Accouchement de Julie « Submergée par la joie de cette naissance physiologique en toute bienveillance »

Pour son deuxième accouchement, Julie a tout prévu, tout préparé : des lectures inspirantes, des remèdes naturels pour lui donner un petit coup de pouce, une super préparation à la naissance, une maternité où elle se sent en confiance… Avec des conditions optimales, tout ne pouvait que bien se passer. Même la gestion des quelques imprévus qui ont été rondement menés ! Découvrez son récit d’accouchement drôle, touchant et tellement inspirant.

Pour ma préparation à ta naissance, la sage-femme qui m’avait suivie à Nivillac pour mon premier bébé, est partie travailler sur Lorient mais j’ai choisi de faire à nouveau de l’hypnose prénatale comme pour ma première grossesse.

Cette fois-ci avec A., un sage-femme de la maternité de Redon, réputée pour être à l’écoute des mamans et des bébés, où j’ai choisi d’accoucher !

Tous les vendredis après-midis, je m’y rends avec d’autres mamans.

C’est chouette, on échange, ça détend…

Je complète cette formation par la méthode Bonapace avec une sage-femme à la Baule.

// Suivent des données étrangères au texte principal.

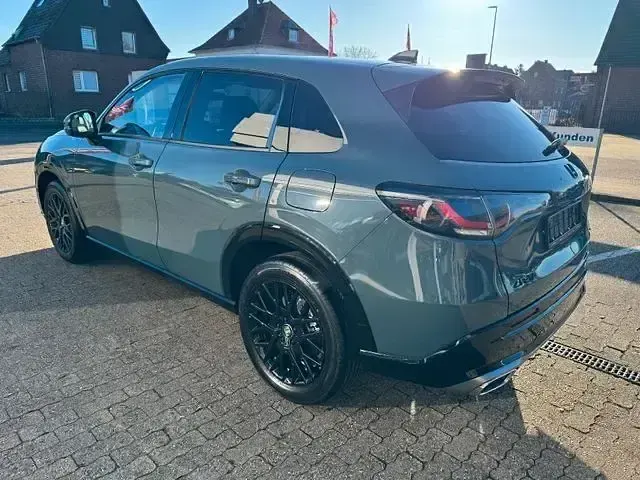 Neu Honda ZR-V Advance 184 PS (135 kW) 2026 Grün SUV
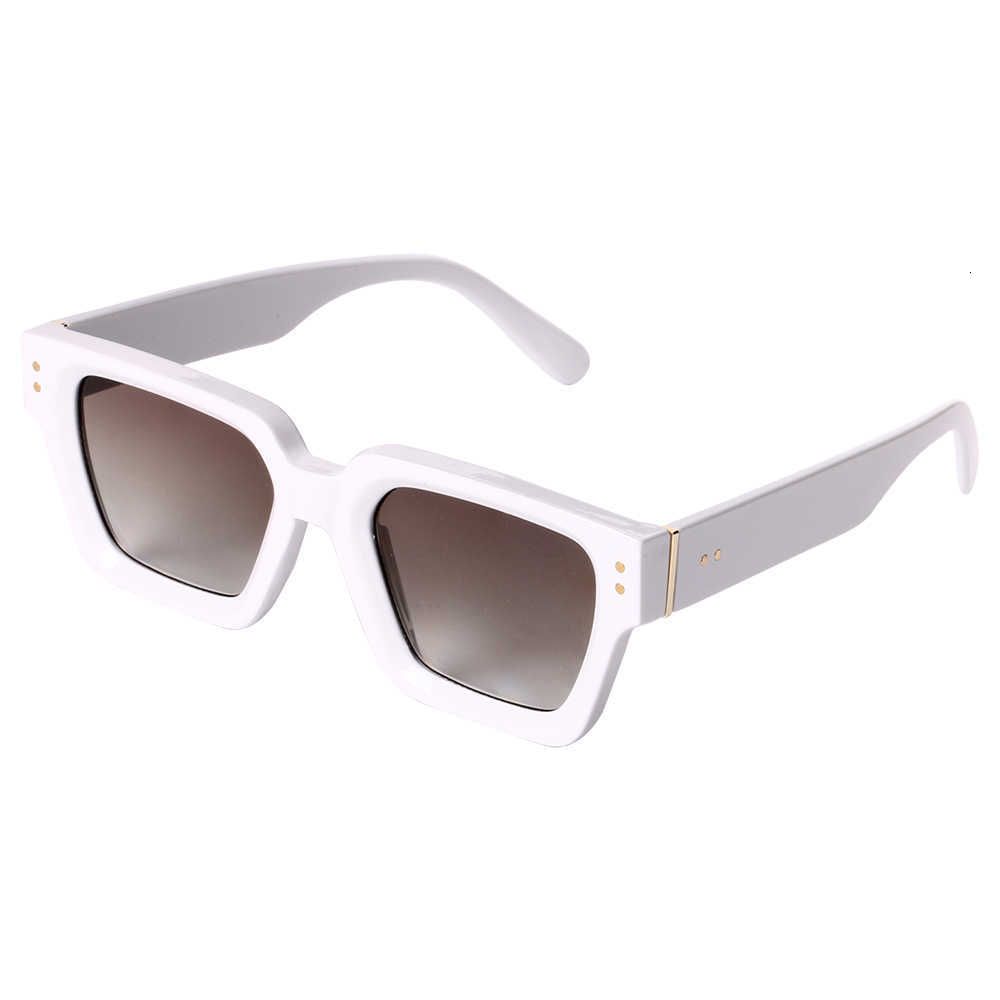 c7white frame gradient brown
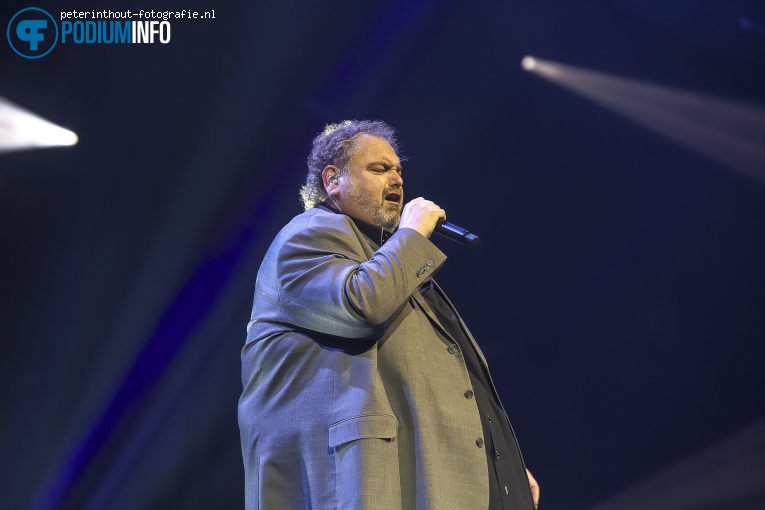 Peter Beense op Holland Zingt Hazes - 20/04 - Ziggo Dome foto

Papa nous rejoint quand il peut…

J’ai aussi souscrit à un super coaching en ligne avec Naturelle maman et Elisabeth, une sage-femme de Genève qui pratique l’accompagnement global des futures mamans et qui est à la pointe des conseils naturels pour bien vivre sa grossesse et son accouchement.

Les conseils et recommandations de tous ces professionnels me donnent confiance en mes capacités à te mettre au monde.

Et dans les tiennes à trouver la sortie… J’ai hâte de te rencontrer !

Jeudi 16 décembre – 7h30 Tout est prêt pour t’accueillir : cela fait deux week-ends qu’on réorganise les chambres à l’étage pour ta venue. (Il était temps et ça me détend).

Tes vêtements sont classés jusqu’au 6 mois dans tes armoires et enregistrés sur Vinted (tu comprendras plus tard…).

Le lit du bureau attend Mamie Guilis ou un autre invité surprise (les voisins ?) pour garder ton grand frère au cas-où.

Les valises de maternité sont prêtes à charger dans la voiture qui a assez d’essence pour un aller express à Redon.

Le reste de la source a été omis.